Também entramos em contato com um terceiro usuário, que aparece numa captura de tela disseminada através de uma das publicações. No entanto, também não tivemos quaisquer respostas.

A Origem da Foto Utilizada no “Meme”

Embora meramente ilustrativa, a imagem de Jurema Wernerck aparentando falar num congresso ou coletiva aumenta a impressão do leitor, que ela realmente tivesse dito isso. No entanto, a imagem utilizada é bem antiga.
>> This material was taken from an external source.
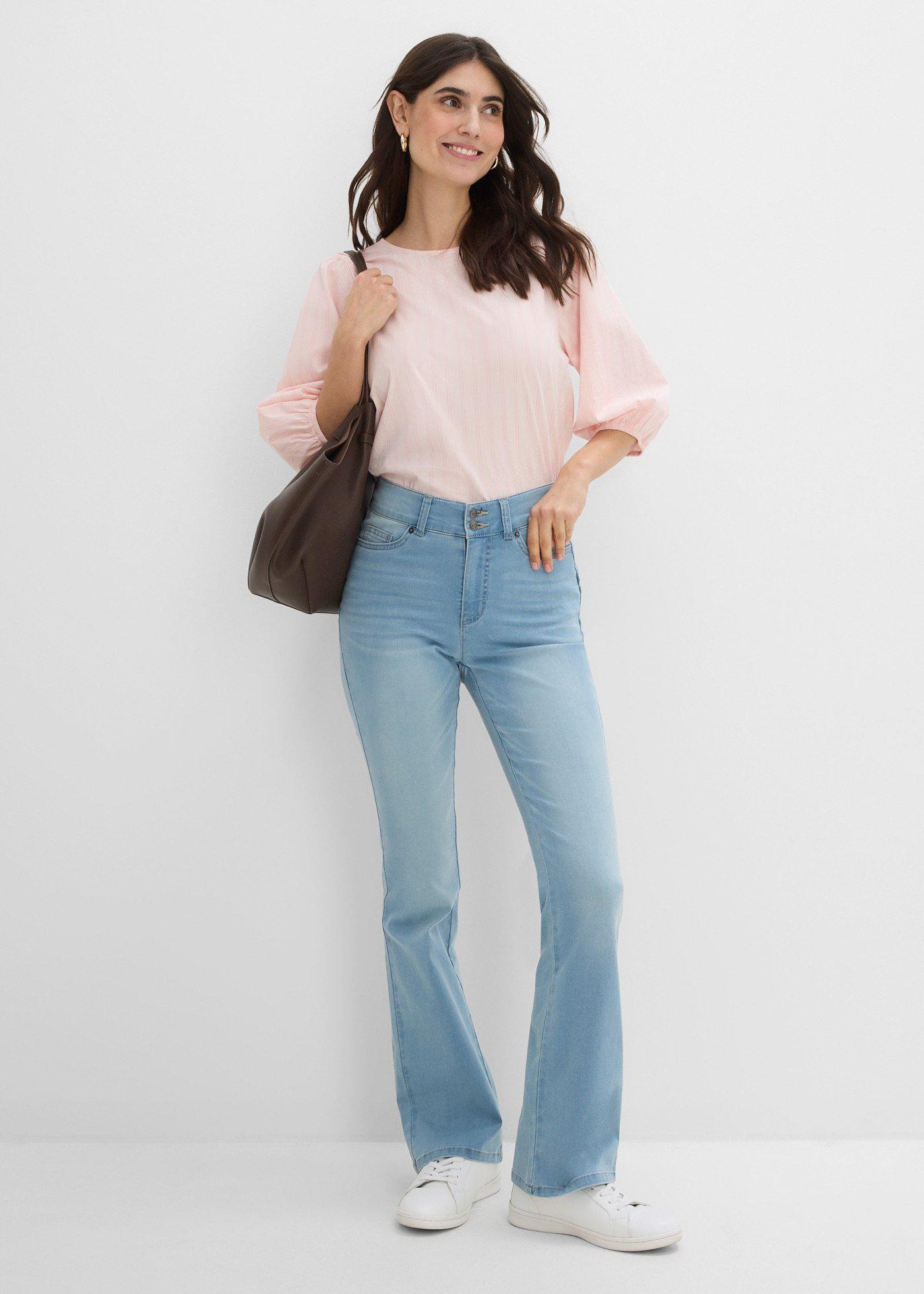 Modelujące dżinsy o kroju bootcut, mid waist - Bonprix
A checagem do “Coletivo Bereia” apontou que a imagem apareceu no site “MercoPress” em dezembro de 2017. Contudo há dois problemas aqui. O primeiro é que o artigo no site “MercoPress” é datado de maio de 2017. O segundo é que essa imagem é ainda mais antiga, visto que ela já aparecia em março daquele ano no próprio site da Anistia Internacional no Brasil.
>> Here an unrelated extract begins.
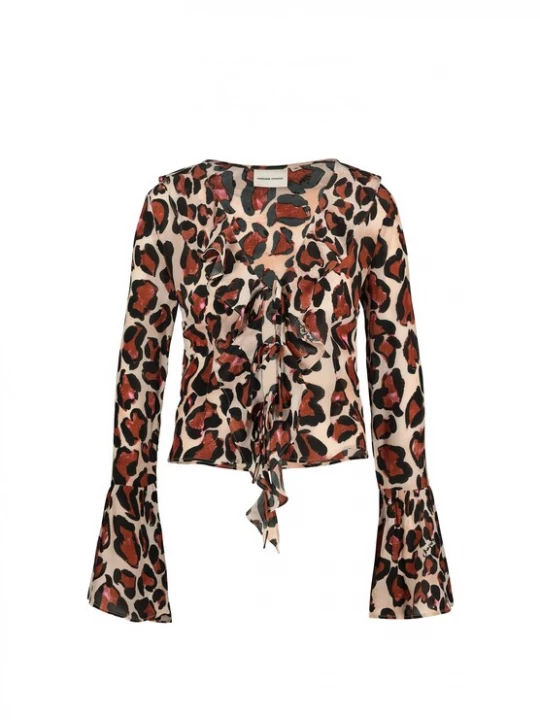 Foto van product Fabienne Chapot Blouse beige / bruin / zwart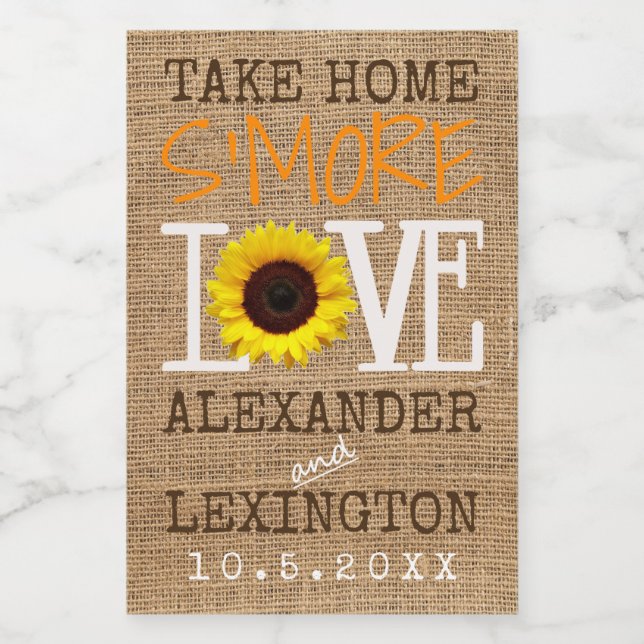 Solrosblommor - nedfall - ta hem mer Kärlek-bröllo Mat Etikett (Singel etikett)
A foto já aparecia em março de 2017 no próprio site da Anistia Internacional no Brasil

A Omissão de um Trecho Significativo da Entrevista Realizada Pelo Coletivo Bereia

Errar é humano e checadores também são passíveis de erros, mas há um detalhe muito “peculiar” em toda essa história. No dia 25 de outubro de 2020, entramos novamente em contato com a Anistia Internacional no Brasil. Queríamos simplesmente uma nota para acrescentar no artigo que escreveríamos sobre esse caso. Normal, procedimento padrão.

Entretanto, como resposta, a assessoria de imprensa nos enviou a entrevista completa entre Jurema Werneck e o Coletivo Bereia. E foi aí que notamos algo “peculiar”: a omissão de pontos extremamente relevantes sobre essa história.
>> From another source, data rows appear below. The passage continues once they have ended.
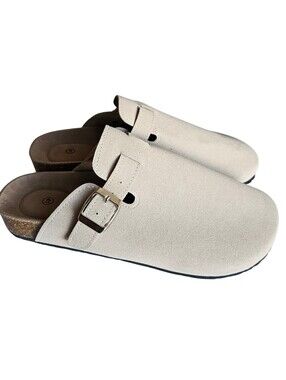 Beige Suede Clog Mules with Buckle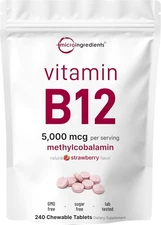Micro Ingredients Vitamin B12 | Methyl Active Form – 240 Chewable... 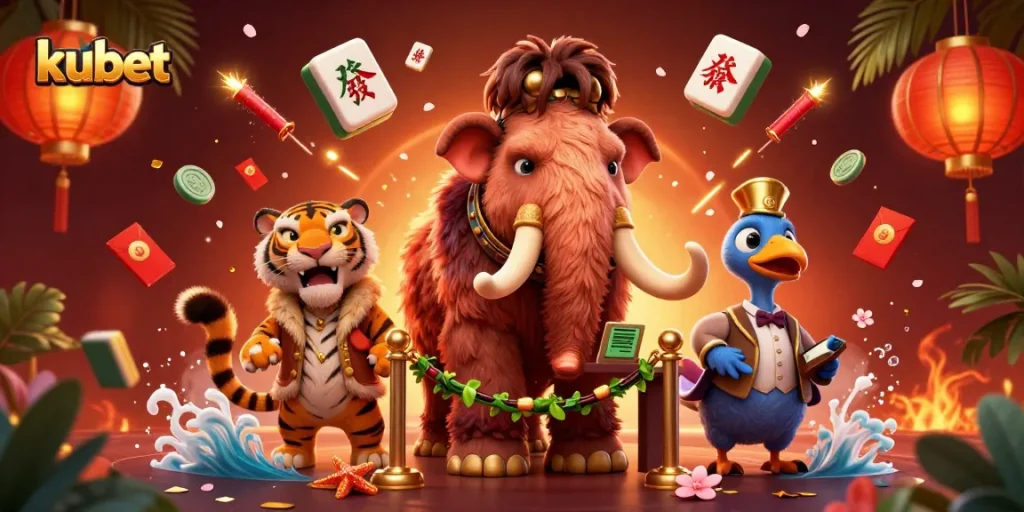 Kubet casino scene featuring vivid characters, including a mammoth bouncer and a saber-tooth guest, engaging in vibrant activities.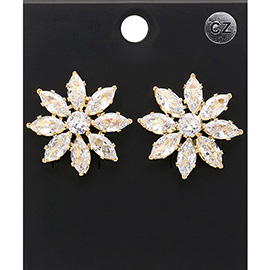 18K Gold Filled CZ Stone Embellished Flower Evening Stud Earrings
Ao ser inicialmente questionada se tinha ou não dado essa declaração eis o que Jurema respondeu:

Pois é. Eu também não identifiquei. Mas tenho falado que a polícia não deve atirar a esmo, produzindo mais riscos e mortes. E há anos a Anistia Internacional tem defendido uma política de segurança baseada em inteligência, com investimentos em prevenção e investigações e que promova treinamento constante das forças de segurança para evitar que mais mortes ocorram. E que os agentes do Estado sigam os protocolos previstos nas leis internacionais de respeito aos direitos humanos. Acho que a questão importante é essa e a sociedade civil e as autoridades públicas precisam unidas defenderem a proteção de todos e todas.

Entrevista repassada pela assessoria de imprensa da Anistia Internacional no Brasil.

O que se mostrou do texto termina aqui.